L'étranger, c'est celui qui n'est pas de notre tribu, de notre contrée, de notre langue. On l'exclue par la différence qui l'éloigne naturellement de nous. On l'humilie sans cesse afin de lui faire sentir qu'il n'est pas chez lui. On l'encense un peu pour le dénigrer à la moindre erreur. Cette attitude ne connait pas de couleur. Trappatoni en sut quelque chose, lorsqu'il avait dit: "Ich habe fertig". Googlez cette petite phrase, vous verrez jusqu'où la méchanceté humaine peut aller. Cet homme, latin, a exprimé ses sentiments de méridional avec les structures syntaxiques propres à son naturel, mais qui se sont révélées totalement contraires à la langue allemande. D'où la risée. Les Italiens lanceront: "Vous comprez" pour désigner les marchands ambulants qui sillonnent leurs plages pour vendre à la sauvette ou à la criée leurs objets d'art et autres trucs prisés par les Blancs. "Vuoi comprare?" mal dit. Une moquerie très subtile, mais raciste, dédaigneuse et intolérante. 
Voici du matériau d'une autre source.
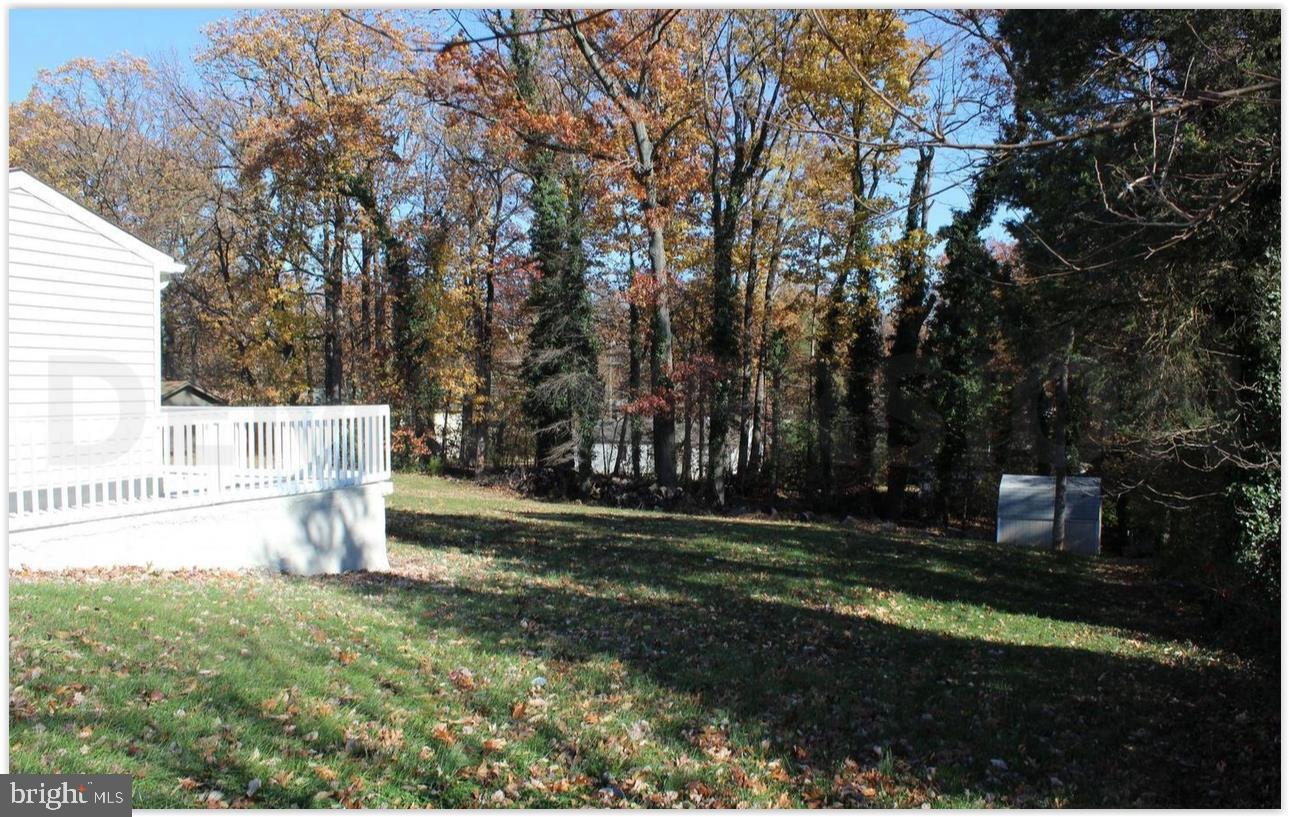 3735 West Ox Road Fairfax, VA 22033 - Photo 20 of 23 Serene backyard with autumn hues.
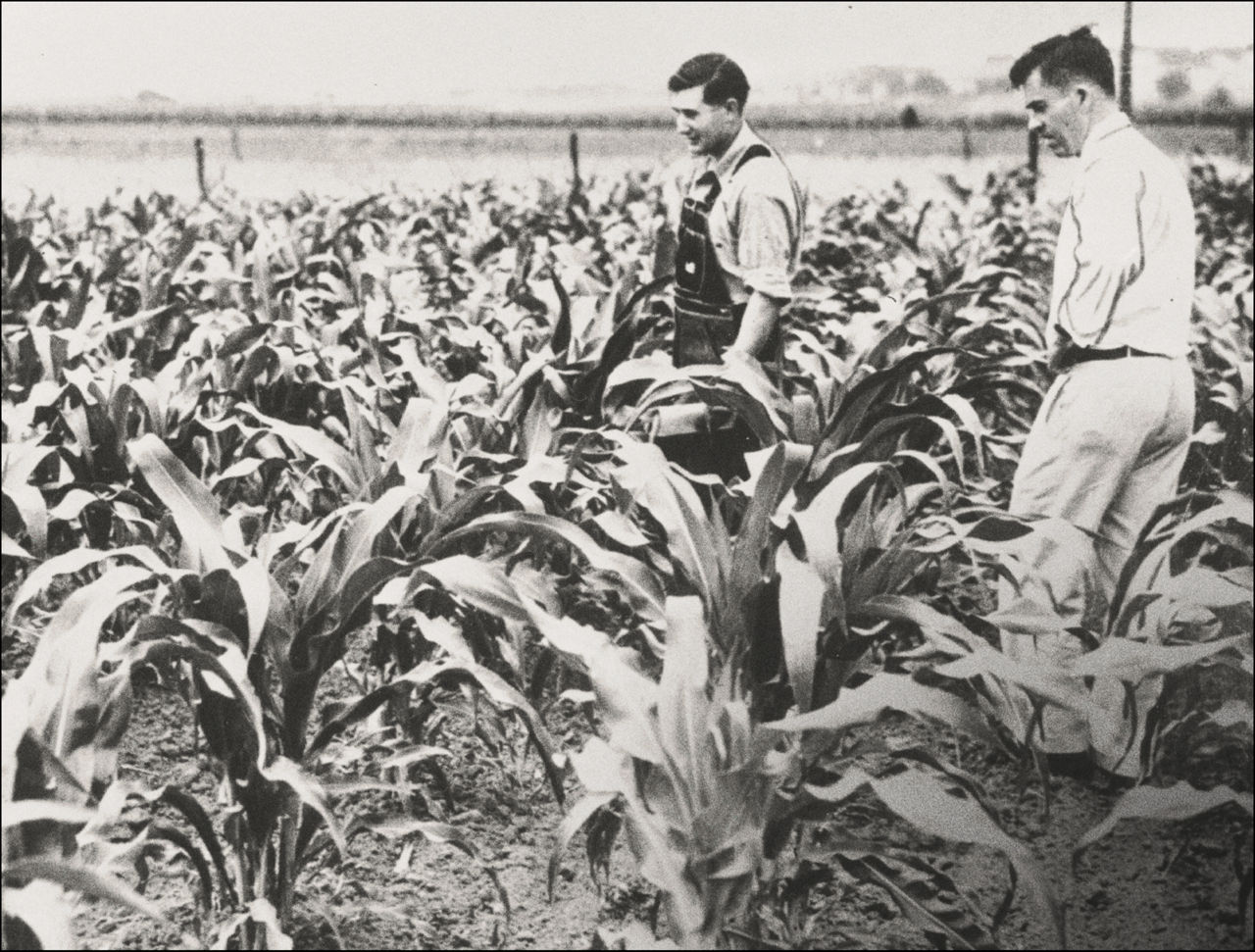 One-to-one Since 1926 - Historic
Etre étranger n'est rien d'autre qu'un crime. Aujourd'hui, les Sud-Africains chassent en masse les Mozambicains, les Zimbabwéens et les Somalies qui y vivent. Voilà des familles, des parents et des enfants, largués sans espoirs dans l'inconnu, vidés de leurs projets immédiats pour embrasser un avenir incertain. Le paradoxe, c'est que cet "avenir incertain" constitue le meilleur refuge, du moins pour le moment. Voilà des êtres humains qui, sommés d'abandonner leurs "vies", s'aventurent vers des terres natales qui leur seraient naturelles mais pour lesquelles ils sont entre-temps devenus des étrangers. Le retour au pays n'est pas toujours facile ni heureux.
Des personnes expulsées vers leurs pays d'origine après un long séjour en Suisse, en France, en Belgique ou en Angleterre se retrouvent clochards dans les rues des métropoles africaines. Le choc est terrible. Souvent, les intellectuels subissent plus les coups du déracinement que les voyous et vagabonds. Parti humain pour l'étranger, le voici revenu spectre et vide de vie. Etre étranger, c'est pas marrant. Alors pas du tout.